So far we have used a uniform spatial distribution of the events. To make things a bit more interesting we can now introduce a non-uniform distribution of the events. For this we first read an example "every day" image of a piggy bank:

image = plt.imread("piggy-bank.png")

ax = plt.subplot(111)
ax.imshow(image)
ax.axis("off");

png

In principle gamma-rays carry information on their "color" (represented by the particle energy or associated wavelength). However for simplicity we discard the information on the wavelength and just compute a gray scale image by averaging the three color channels:

image_bw = image[:, :, :3].mean(axis=2)

Using a "false color" representation, the image now looks like:

ax = plt.subplot(111)
ax.imshow(image_bw, cmap="viridis")
ax.axis("off");

png

As the structure in the image is rather complex, we do not have any analytical or closed form expression for the spatial distribution of the photon events. However, as the image is a discrete ("pixelized") representation anyway, we can simply interpret the image as a probability mass function (PMF): this means a discrete probability densitiy function, where the value in each pixel represents the probability of this pixels index (or position) being drawn from the total distribution. Or more formally:

$$ P(x_{\text{true}} = i) = p_i $$

where $x_{\text{true}}$ is the true incoming position of the photon and $\sum_i p_i = 1$. This distribution is called a categorical distribution in statistics. To convert the example image to the PMF for a categorial distribution, we just have to normalize the image, so that the sum of all pixel values is 1. Then we can draw samples from the distribution using for example np.random.choice.

However there is one additional challenge: the variables in the categorial distribution are statistically independent, so the distribution does not "know" anything about the image-like structure. So we have to flatten the image to a 1D array, sample 1D coordinates and then convert them back to 2D coordinates using the np.unravel_index function.

Still we only get the x and y coordinates of the photon events at the pixel center. To allow for the event being detected at any position in the pixel we add a uniform random offset to the x and y coordinates using random.uniform. This process of adding noise to randomize quantization errors is often called Dither. Now we can bring everything together in a single function definition:

def sample_events_from_image(image, n_photons, random_state):
    """Sample events from an image."""
    pdf = image / image.sum()
    coords = random_state.choice(np.arange(image.size), p=pdf.ravel(), size=n_photons)
    x, y = np.unravel_index(coords, image_bw.shape)
    x_dither = random_state.uniform(x - 0.5, x + 0.5)
    y_dither = random_state.uniform(y - 0.5, y + 0.5)
    return x_dither, y_dither

Let's take a look at what the different realizations look like. For this we draw a different number of photons from the distribution and create again a counts image by binning the photon positions into a histogram:

n_photons = 10 ** np.arange(2, 8)

fig, axes = plt.subplots(2, 3, figsize=(8, 4.2))

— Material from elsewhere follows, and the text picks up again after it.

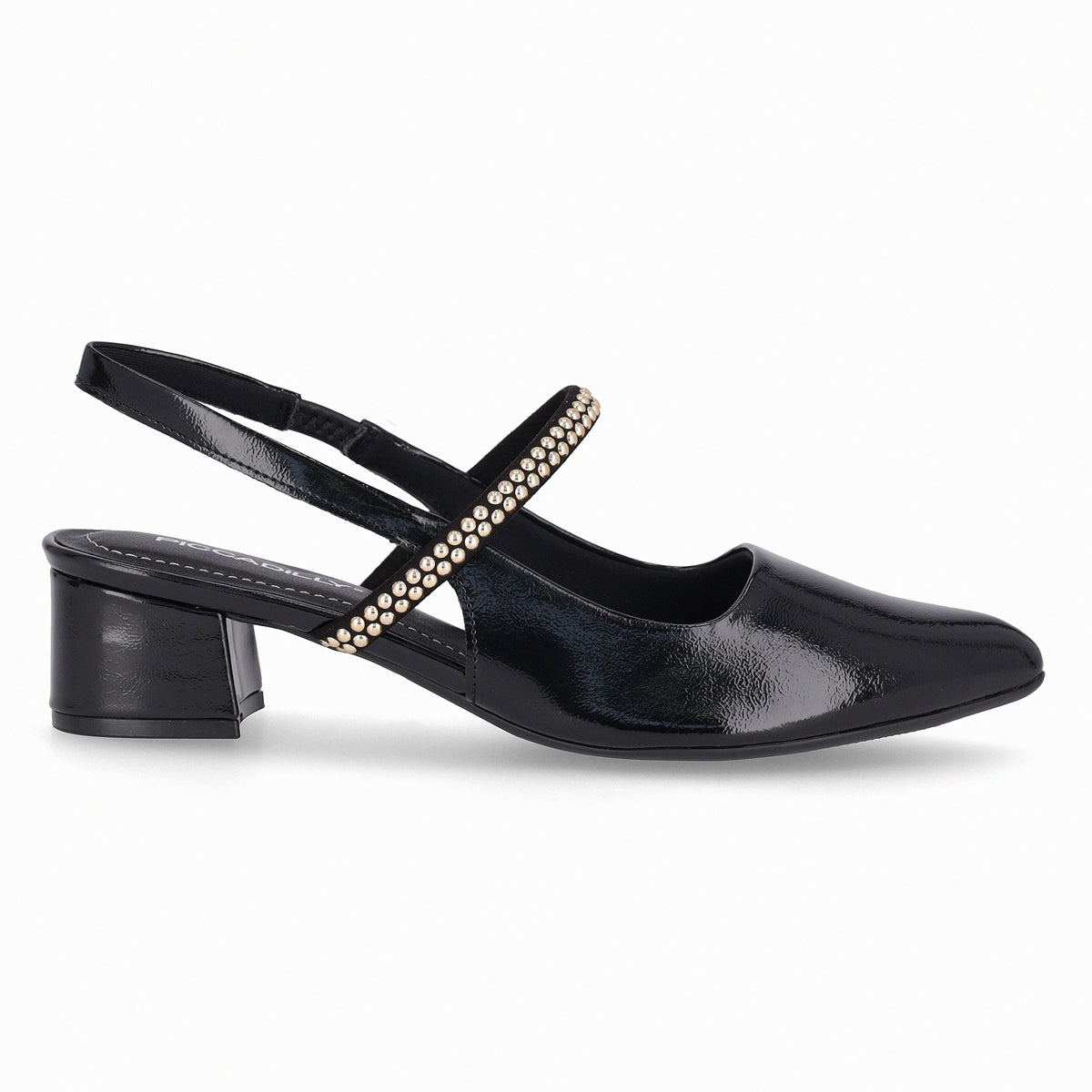 Zapato Taci Negro/Dorado 84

for ax, value in zip(axes.ravel(), n_photons):
    x, y = sample_events_from_image(image_bw, value, random_state)
    counts = np.histogram2d(x, y, bins=bins)[0]
    ax.imshow(counts, cmap="viridis")
    ax.set_title(f"{value:_} photons")
    ax.axis("off")

plt.tight_layout()

png

You can see that it requires a lot of events to be able to recognise the structure in the image. Only at more than a million photons it looks like a familiar image. The Poisson noise destroys a lot of information, when only few samples are present.

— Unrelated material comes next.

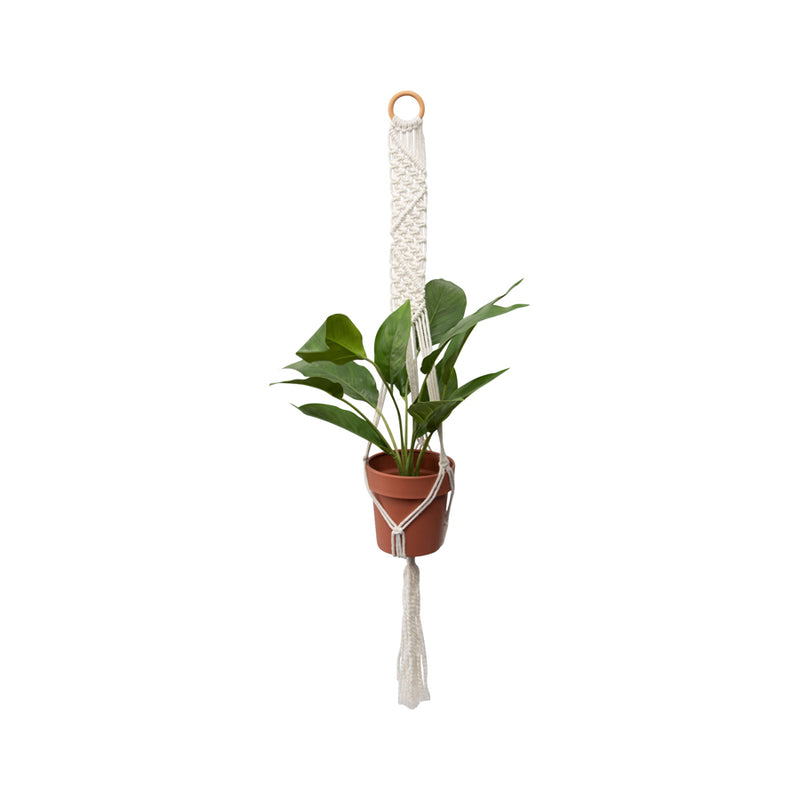 Handcrafted Macrame Geo Pot Plant Hanger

However, gamma-ray telescopes do not directly measure the number of photons in each pixel, but only the individual photon events. So we keep the treatment of the image PMF as categorical distribution and the binning of the photon positions into a histogram. That being said, Poisson noise is only one of multiple effects that degrades the quality of gamma-ray images...

Point Spread Function

All gamma-ray telescopes (in fact any telescope) have a limited angular resolution. Or in simpler words: the telescopes see a "blurry" image of the sky. This comes from the fact that the direction a photon came from, cannot be measured perfectly. The classic analogy of this is throwing darts at a dartboard. As a non-professional player, you can aim for the bulls-eye, but you will not hit it exactly all the time. Instead you end up with a distribution of target positions of the dart around the bulls-eye. Often this distribution is similar to a Gaussian distribution with the highest probability of hitting in the center and the probability decreasing, the further away from the center you go. The sigma of this Gaussian distribution is a measure of the precision of the player throwing the darts. A professional player will have a smaller width of that Gaussian than a non-professional player.

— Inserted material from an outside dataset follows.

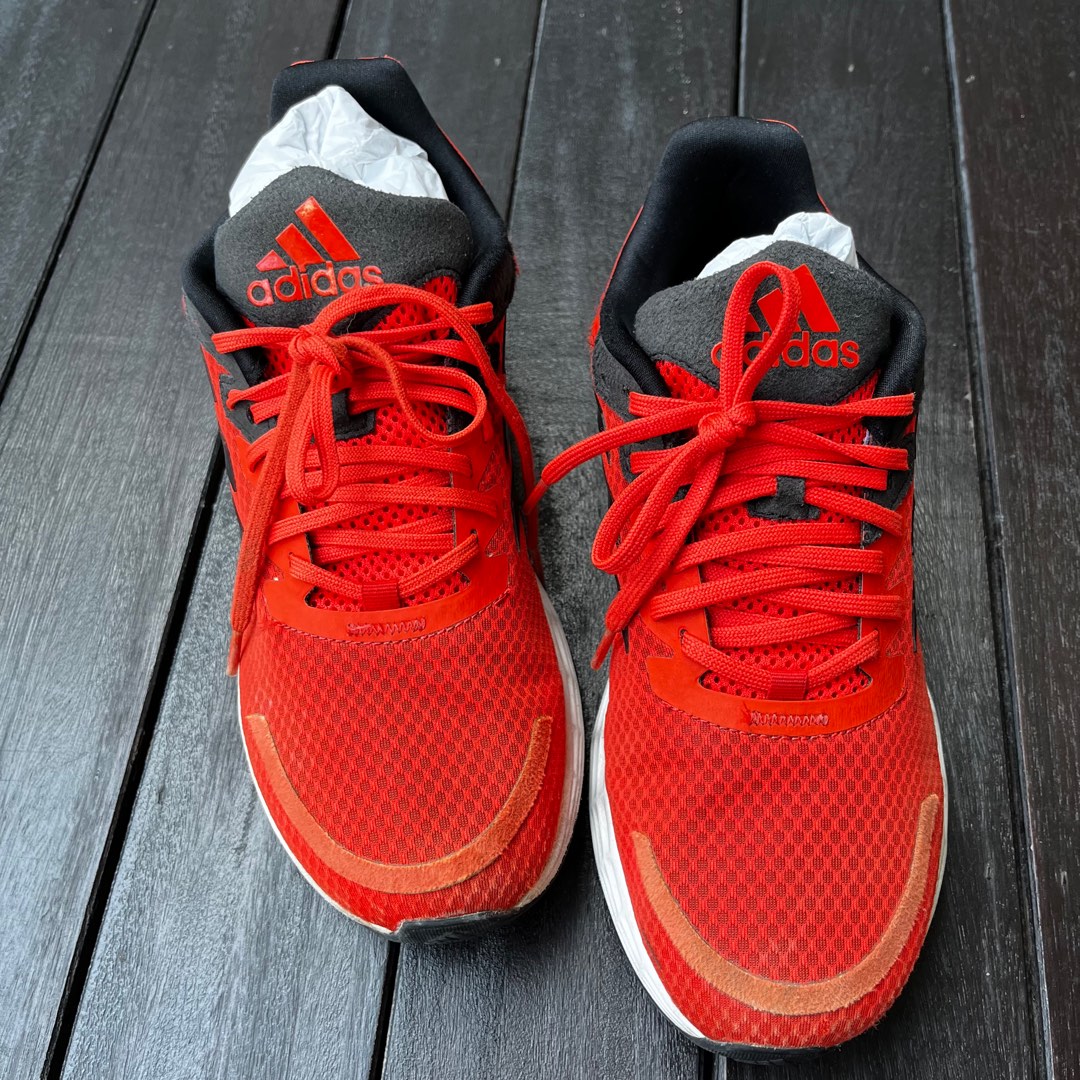 Red adidas sneakers top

The same applies for imaging telescopes. The photons are detected at a certain position, but the position is not exact. Instead the position is distributed around the true arrival direction of the photon. This is what is called the point spread function (PSF). The smaller the PSF the sharper the image. In reality telescope PSFs are often not symmetrically Gaussian, but have different shapes for example with larger tails or assymetries introduced by the measurement process.

From a probabilistic point of view, the effect of the PSF can be described by a conditional probability distribution or two consecutive sampling processes. First we sample the "true" position of the photon event using the categorial distribution described above and then we sample the "measured" position of the photon from a Gaussian distribution around the true position of the photon event. This can also be seen as a form of Gibbs sampling.

The PSF is often approximated by a Gaussian distribution with a certain standard deviation $\sigma$. The standard deviation $\sigma$ is a measure of the angular resolution of the telescope. The smaller the $\sigma$ the better the angular resolution of the telescope. So more formally we can describe the Gaussian PSF as:

$$ P(x_{\text{measured}} | x_{\text{true}}) = \frac{1}{2 \pi \sigma^2} \exp \left( - \frac{(x_{\text{measured}} - x_{\text{true}})^2}{2 \sigma^2} \right) $$

The PSF quantifies the conditional probability $P(x_{\text{measured}} | x_{\text{true}})$. So it answers the question: "Given the true position of the photon event, what is the probability of measuring the photon at a certain position?"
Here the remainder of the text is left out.